– Bienvenida seas, hija mía -dijo el hermano-. El Señor está contigo. Sus ángeles caminan entre nosotros aquí; yo mismo los he visto por las noches. No temas, pobre alma cansada. Rezaré contigo y hallarás la paz.
Entonces comprendí que Vitalia había arribado a puerto seguro.
Permitidme decir que el hospital de Saint-Remezy poseía en el hermano Leo una joya de incalculable valor. Hablé con él mientras las mujeres se despedían de su amiga (omitiré esta despedida, porque fue indeciblemente dolorosa); el hermano Leo me explicó que le encantaba atender a los moribundos, pues estaban muy cerca de Dios.
– Es un honor -insistió-. Un honor. Cada día me siento bendecido.
Sentirse bendecido entre tanto dolor, tanta desesperación, requería una fe capaz de mover montañas; me avergonzó contemplar su satisfacción y serena alegría, aunque a la vez pienso que era un hombre, ¿cómo expresarlo?, de escasas luces. Un hombre simple, pero piadoso. Que tenía asegurada la salvación. De eso no cabe duda. A veces, me confesó, sentía deseos de salir para ponerse a gritar y despotricar, pero hasta Jesucristo había rogado a Dios que apartara de él el cáliz.
Antes de marcharnos, pedí al hermano Leo su bendición (lo cual le sorprendió sensiblemente), y la recibí con gran humildad de espíritu. Incluso ahora lo recuerdo con frecuencia. Confío en que el Señor sea generoso con él, pues es una perla de gran valor.

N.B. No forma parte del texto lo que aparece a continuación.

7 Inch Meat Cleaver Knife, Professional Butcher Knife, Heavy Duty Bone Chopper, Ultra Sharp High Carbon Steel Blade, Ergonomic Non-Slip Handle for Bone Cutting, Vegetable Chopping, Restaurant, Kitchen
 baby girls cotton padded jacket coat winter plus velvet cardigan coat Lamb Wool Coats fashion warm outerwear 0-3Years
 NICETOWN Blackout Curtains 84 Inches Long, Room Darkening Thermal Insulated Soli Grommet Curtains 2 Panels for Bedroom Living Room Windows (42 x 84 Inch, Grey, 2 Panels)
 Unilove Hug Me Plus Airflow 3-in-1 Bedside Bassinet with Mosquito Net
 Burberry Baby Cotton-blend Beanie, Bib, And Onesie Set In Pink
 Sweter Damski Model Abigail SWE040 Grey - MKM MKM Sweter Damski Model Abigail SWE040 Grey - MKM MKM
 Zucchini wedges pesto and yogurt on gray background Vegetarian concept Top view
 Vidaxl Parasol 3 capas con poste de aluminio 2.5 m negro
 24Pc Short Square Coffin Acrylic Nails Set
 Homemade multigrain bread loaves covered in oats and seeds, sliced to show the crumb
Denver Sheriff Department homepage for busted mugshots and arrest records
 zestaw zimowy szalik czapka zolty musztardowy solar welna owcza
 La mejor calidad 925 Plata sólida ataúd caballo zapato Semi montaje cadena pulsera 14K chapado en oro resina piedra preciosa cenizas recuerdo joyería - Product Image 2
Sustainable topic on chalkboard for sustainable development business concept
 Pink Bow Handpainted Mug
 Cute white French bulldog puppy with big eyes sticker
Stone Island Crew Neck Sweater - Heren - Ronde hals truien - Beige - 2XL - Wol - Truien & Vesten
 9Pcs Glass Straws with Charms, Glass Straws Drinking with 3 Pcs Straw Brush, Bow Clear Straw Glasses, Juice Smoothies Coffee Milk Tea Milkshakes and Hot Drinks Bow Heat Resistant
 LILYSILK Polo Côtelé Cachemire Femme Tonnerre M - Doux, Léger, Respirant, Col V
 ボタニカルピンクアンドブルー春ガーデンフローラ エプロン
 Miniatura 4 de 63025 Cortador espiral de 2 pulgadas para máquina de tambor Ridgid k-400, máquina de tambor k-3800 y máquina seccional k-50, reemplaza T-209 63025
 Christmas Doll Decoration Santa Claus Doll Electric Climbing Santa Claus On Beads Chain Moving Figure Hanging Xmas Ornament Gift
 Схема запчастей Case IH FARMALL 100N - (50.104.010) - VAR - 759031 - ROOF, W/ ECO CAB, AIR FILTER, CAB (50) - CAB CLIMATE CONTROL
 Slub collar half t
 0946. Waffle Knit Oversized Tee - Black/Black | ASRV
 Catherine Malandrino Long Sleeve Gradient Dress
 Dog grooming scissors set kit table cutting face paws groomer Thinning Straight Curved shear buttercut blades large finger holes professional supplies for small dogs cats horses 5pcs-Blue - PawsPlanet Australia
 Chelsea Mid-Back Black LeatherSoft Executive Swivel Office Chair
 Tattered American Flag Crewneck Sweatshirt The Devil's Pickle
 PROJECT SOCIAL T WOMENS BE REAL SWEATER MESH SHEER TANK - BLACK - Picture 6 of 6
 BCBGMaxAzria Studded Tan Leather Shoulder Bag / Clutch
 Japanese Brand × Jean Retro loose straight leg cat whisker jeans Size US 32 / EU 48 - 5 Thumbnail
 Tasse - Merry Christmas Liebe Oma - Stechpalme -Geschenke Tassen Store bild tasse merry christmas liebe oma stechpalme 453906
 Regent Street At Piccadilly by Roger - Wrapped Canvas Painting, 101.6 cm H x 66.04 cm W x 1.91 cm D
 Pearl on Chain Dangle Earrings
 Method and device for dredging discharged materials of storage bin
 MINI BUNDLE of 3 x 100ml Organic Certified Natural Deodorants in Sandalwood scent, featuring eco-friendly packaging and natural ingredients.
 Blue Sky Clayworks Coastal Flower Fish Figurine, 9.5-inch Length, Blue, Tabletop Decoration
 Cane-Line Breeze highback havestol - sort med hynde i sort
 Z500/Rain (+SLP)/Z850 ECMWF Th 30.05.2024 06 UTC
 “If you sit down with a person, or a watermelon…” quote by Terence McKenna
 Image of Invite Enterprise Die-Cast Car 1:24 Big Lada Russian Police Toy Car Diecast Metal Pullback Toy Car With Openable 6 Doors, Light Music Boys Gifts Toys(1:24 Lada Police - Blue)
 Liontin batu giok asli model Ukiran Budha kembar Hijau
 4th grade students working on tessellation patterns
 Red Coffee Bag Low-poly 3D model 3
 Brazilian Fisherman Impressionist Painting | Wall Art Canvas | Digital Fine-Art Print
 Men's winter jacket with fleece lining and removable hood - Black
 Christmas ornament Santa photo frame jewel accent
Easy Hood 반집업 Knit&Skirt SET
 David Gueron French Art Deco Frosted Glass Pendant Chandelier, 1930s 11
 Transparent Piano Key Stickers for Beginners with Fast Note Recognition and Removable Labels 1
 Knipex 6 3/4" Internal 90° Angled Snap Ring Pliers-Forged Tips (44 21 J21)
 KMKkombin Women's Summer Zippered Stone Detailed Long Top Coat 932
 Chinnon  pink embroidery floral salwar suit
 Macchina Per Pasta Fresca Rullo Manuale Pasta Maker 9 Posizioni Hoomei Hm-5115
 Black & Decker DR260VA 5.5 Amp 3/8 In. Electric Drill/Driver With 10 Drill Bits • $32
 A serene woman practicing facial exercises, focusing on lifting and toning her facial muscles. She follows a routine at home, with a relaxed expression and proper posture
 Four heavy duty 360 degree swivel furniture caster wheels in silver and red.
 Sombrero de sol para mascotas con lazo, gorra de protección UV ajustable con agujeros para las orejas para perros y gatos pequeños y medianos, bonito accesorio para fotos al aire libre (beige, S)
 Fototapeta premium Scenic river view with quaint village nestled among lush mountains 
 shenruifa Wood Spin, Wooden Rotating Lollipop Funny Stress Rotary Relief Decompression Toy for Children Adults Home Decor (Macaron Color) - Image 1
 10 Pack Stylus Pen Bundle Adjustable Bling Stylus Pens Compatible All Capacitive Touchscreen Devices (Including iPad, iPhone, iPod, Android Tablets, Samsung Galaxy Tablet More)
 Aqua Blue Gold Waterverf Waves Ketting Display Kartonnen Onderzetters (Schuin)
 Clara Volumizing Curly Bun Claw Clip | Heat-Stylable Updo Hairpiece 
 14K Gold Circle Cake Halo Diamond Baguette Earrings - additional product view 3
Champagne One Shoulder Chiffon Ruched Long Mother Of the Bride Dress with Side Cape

Pero debo proseguir con mi relato. Las tres mujeres, con los ojos enrojecidos y sollozando, me acompañaron al palacio del obispo, donde supuse que encontraríamos los cuatro caballos ensillados y esperándonos. Pero me había dejado llevar por mi optimismo. En lugar de conducirnos a los establos, nos condujeron a la sala de audiencias del obispo Anselm, donde nos encontramos no sólo al obispo, sino al senescal, al prior Hugues y a Pierre-Julien. Comprendí en el acto que esa reunión no presagiaba nada bueno. Tenía todo el aire de un tribunal. Incluso había unos soldados apostados a la puerta. Y el notario del obispo estaba presente, sentado y pluma en ristre. El hecho de verlo allí fue lo que me infundió mayor temor,
Tratad de imaginar esa asamblea, pues iba a tener unas consecuencias imprevisibles. El obispo, cubierto de resplandecientes joyas, ocupaba la silla más espaciosa y bonita. Parecía preocupado por cuestiones corporales, eructaba de vez en cuando, se acariciaba el vientre o se cogía el caballete de la nariz con el pulgar y el índice mientras hacía una mueca de dolor. Si no estoy equivocado, sufría los efectos de haber ingerido demasiado vino. En cualquier caso, exhibía un insólito malhumor que apoyaba esta conjetura.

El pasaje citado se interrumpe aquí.